Newsletter - Autumn 2012

Introduction »

Investment incentives to inspire

The Enterprise Investment Scheme (EIS) and the Venture Capital Trust Scheme (VCTs) are designed to encourage private individuals to invest in smaller high risk unquoted trading companies. The EIS requires an investment to be made directly into the shares of the company. VCTs are quoted investment companies, whose shares are traded on the London Stock Exchange.

Both have detailed rules concerning qualifying investors, shares, companies and trades and advice would need to be taken to ensure these conditions are complied with.
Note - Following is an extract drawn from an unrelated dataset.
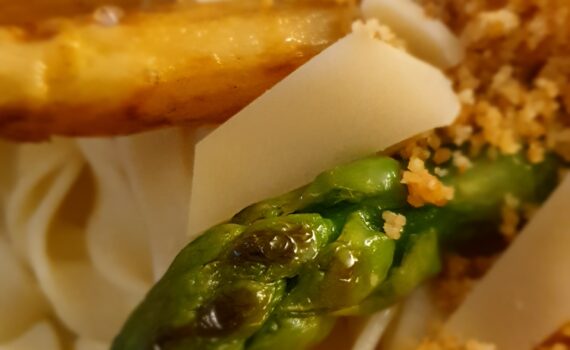 Auf gekochten gelblich weißen Bandnudeln liegen angebratene grüne und weiße Sparkel; darauf die gerösteten Semmelbrösel; Die Speise ist mit Parmesanstücken garniert. Im Vordergrund ist die Spitze eines grünen Spargels zu sehen der leicht bräunliche Brat-Flecken aufweist und noch vom Öl in der Pfanne glänzt. Auf der Spargelspitze liegen ein Parmesanstück und ein paar Brösel. Der Hintergrund mit weiteren weißen und grünen angebratenen Spargeln, Nudeln und Brösel verläuft in Unschärfe; Aufnahme von schräg oben auf den grauen Teller von dem man nur einen kleinen Teil noch im Hintergrund erkennen kann; Dahinter liegt eine zum Dreieck gefaltene Serviette.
Here is a reminder of the key tax breaks associated with these schemes.

Enterprise Investment Scheme (EIS)

There are three reliefs currently available for investments in an EIS:

  • income tax relief on investments up to £1 million per annum
  • a capital gains tax (CGT) deferral relief
  • CGT exemption on the disposal.

Income tax

Income tax relief of 30% is available on investments in newly issued qualifying ordinary shares. An investor’s tax liability is reduced by 30% of the amount invested provided it does not exceed the investor’s tax liability for the tax year.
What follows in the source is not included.